Apple’s Vision Pro website is filled with incredible photos and fancy phrases to describe how revolutionary the headset is, but you won’t find Apple’s usual tech specs page. That’s likely because the device isn’t shipping for another 10 months or so, and things are probably going to change.
So there are a lot of small specifics we don’t know. For example, Apple describes the display as a “custom micro‑OLED display system [that] features 23 million pixels, delivering stunning resolution and colors,” but doesn’t mention ProMotion—Apple’s high-refresh technology that automatically adjusts the refresh rate up to 120Hz for ultra-smooth scrolling and responsiveness.
On a $3,499 Pro device, we naturally assumed ProMotion would be included, but that’s actually not the case. According to performance engineer Rikky Roy Koganti in the seminar “Optimize app power and performance for spatial computing,” Vision Pro’s refresh rate is lower than other Pro devices with ProMotion displays: “The compositor is always rendering. It supplies new rates to the display at a rate matching the display’s refresh rate. This helps provide a comfortable experience. This rate is usually 90 frames a second but can be higher.”
The higher frame rates Koganti refers to are for some 24fps videos that require 96Hz (24X4) for smooth viewing. Apple recommends using 24fps or 30fps videos for optimal performance when playing videos on Vision Pro.

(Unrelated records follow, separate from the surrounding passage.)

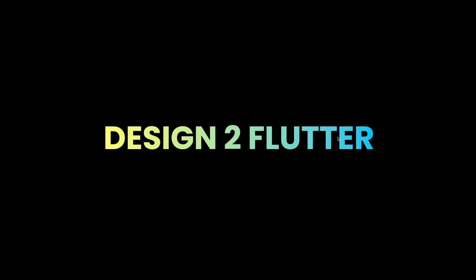This video is brought to you by Design2Flutter, the platform that improves your Flutter coding skills by building real projects.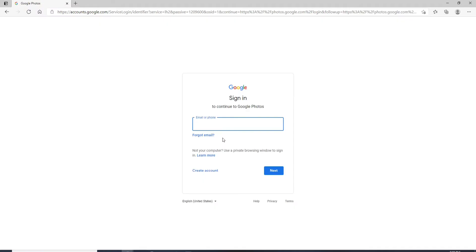You'll need to sign into your Google account to sign up for Google Photos, so make sure you have a Google account first. If you don't have an account yet, go and click on Create Account.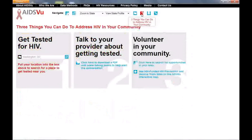I hope you'll find AIDSView useful and visit often. The current version of AIDSView is just the beginning. We'll be updating the site as new data are available and also adding other new information each year. By better understanding HIV in our communities, we can all work towards the day when no community is affected.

A 90Hz display is the same as a Google Pixel 7a and significantly lower than other VR headsets, including the Meta Quest 3 (120Hz), PlayStation VR (120Hz), and Valve Index (144Hz). However, the Vision Pro’s displays are much higher quality than any of its competitors. And based on the early impressions, no one seems to notice that it has a lower refresh rate than the iPhone 14 Pro.